This is the mail archive of the
gcc@gcc.gnu.org
mailing list for the GCC project.
Re: Implementing Universal Character Names in identifiers
- From: kaih at khms dot westfalen dot de (Kai Henningsen)
- To: gcc at gcc dot gnu dot org
- Date: 04 Nov 2002 08:51:00 +0200
- Subject: Re: Implementing Universal Character Names in identifiers
- Comment: Unsolicited commercial mail will incur an US$100 handling fee per received mail.
- Organization: Organisation? Me?! Are you kidding?
- References: <20021028183910.GC24090@codesourcery.com> <Pine.LNX.4.33.0210281844370.4320-100000@kern.srcf.societies.cam.ac.uk>
jsm28@cam.ac.uk (Joseph S. Myers) wrote on 28.10.02 in <Pine.LNX.4.33.0210281844370.4320-100000@kern.srcf.societies.cam.ac.uk>:
> On Mon, 28 Oct 2002, Zack Weinberg wrote:
>
> > What you wrote in response to this is interesting but doesn't address
> > the issue of Unicode normalization of identifiers. It sounds more
> > like an extended discussion of the previous point. I'm talking about
> > the process described in UAX 15 (http://www.unicode.org/unicode/reports/tr
> > 15/) and in particular annex 7 of that document ("Programming Language
> > Identifiers").
>
> I don't think there's anything in the language standards to permit
> normalization to NFC as described there.
I don't think even considering to do without can be justified. You do
Unicode, you normalize. Anything else is insane.

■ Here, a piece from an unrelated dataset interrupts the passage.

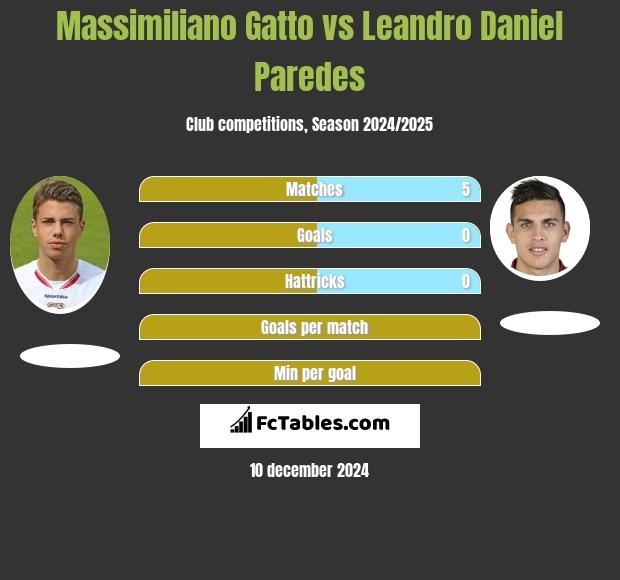 Massimiliano Gatto vs Leandro Daniel Paredes h2h player stats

> not for UCNs. And do we really want to build in the large character
> tables required for normalization?)
IIRC, if you implement them as doubly-indirect, tables of *all* the bit-
attributes of the current Unicode version (over the complete 20.x bit
range) take up something like 20 KB or so. (The trick is that you first
unify stretches of equal bit sequences - mainly all-ones and all-zeroes -
and then unify stretches of equal pointers [or indices] to those.)
That's not really big for something like gcc.
MfG Kai